> The problem is that it is wrong to neglect rare sequences of coin flips.
> A series of 6 heads in a row has a probability of only 1/64, but OTOH
> it produces 64 people who have all seen 6 heads, which largely compensates
> for the low probability.
Even though the frequency approach seems to support my answer, I don't
think it works in general. As a counter example, suppose the experiment
was modified so that any clone made during the experiment is killed at the
end of it. This should not change any of the probabilities mentioned
before, but it radically alters the long-run frequencies if the experiment
is repeated.
I will offer my own tentative analysis. Suppose in a different experiment
a subject is given a sleeping pill without being told what will happen
during his sleep. When he wakes up, the experimenter tells him this:
"You are not a clone. However during your sleep a fair coin was tossed and
if it landed head up an exact duplicate was made of you. What is the
probability that the coin landed head up?"
Compare that question to this one:
"You are not a clone. However during your sleep a fair coin was tossed and
if it landed head up a brain scan was made of you and stored in a
computer. What is the probability that the coin landed head up?"
or this one:
"You are not a clone. However during your sleep a fair coin was tossed and
if it landed head up a glass of water was boiled. What is the probability
that the coin landed head up?"
Now I think the correct answer to all these questions is 1/2. Once you
know you are not a clone, the knowledge that a coin flip outcome may
have caused some unobservable external material to be rearranged should
not change the distribution of that outcome.
But notice that the state of knowledge of the subject after the first
question is the same as the state of knowledge of the subject of the
original experiment after question 3, and therefore their answers must be
the same.
Let C stand for "I am a clone", H stand for "the coin landed head up", and
K stand for the state of knowledge of the subject of the original
experiment immediately after he wakes up. We have P(H | not C and K) =
1/2. Also, it is obvious that P(C | H and K) = 1/2. Now we can deduce P(C
| K) and P(H | K) which are the answers to question 1 and 2.
P(H and not C | K) = P(H | not C and K) P(not C | K) = P(not C | H and K) P(H | K)
= 1/2 * P(not C | K) = 1/2 * P(H | K)
which implies P(not C | K) = P(H | K)
P(H and C | K) = P(C | H and K) P(H | K) = P(H | C and K) P(C | K)
= 1/2 * P(H | K) = 1 * P(C | K)
Therefore 1 - P(C | K) = P(H | K) = 2 * P(C | K), and so P(C | K) = 1/3
and P(H | K) = 2/3.
This set of answers may seem counter-intuitive because you will observe
the subject say "the probability that the coin will land head up is 1/2"

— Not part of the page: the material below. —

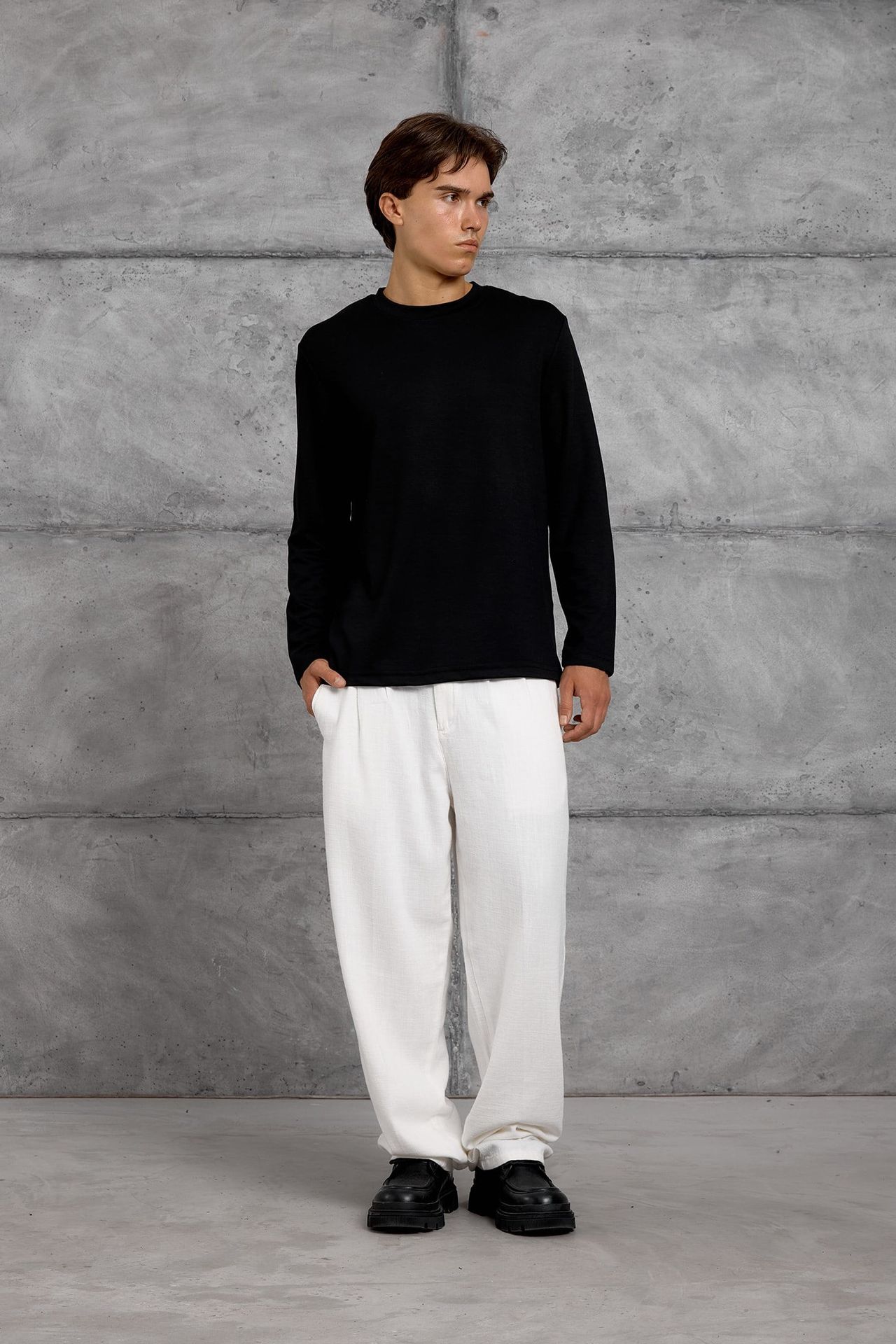 NOMARC Normal Kalıp Bisiklet Yaka Sweatshirt 2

before he goes to sleep and say "the probability that the coin landed head
up is 2/3" immediately after he wakes up. However the alternative is
equally counter-intuitive. If answer set A is correct, and suppose the
copying process is slightly defective so that the original can tell that
he is not a clone when he wakes up, then you will observe the subject say
"the probability that the coin will land head up is 1/2" before he goes to
sleep and say "the probability that the coin landed head up is 1/3"
immediately after he wakes up.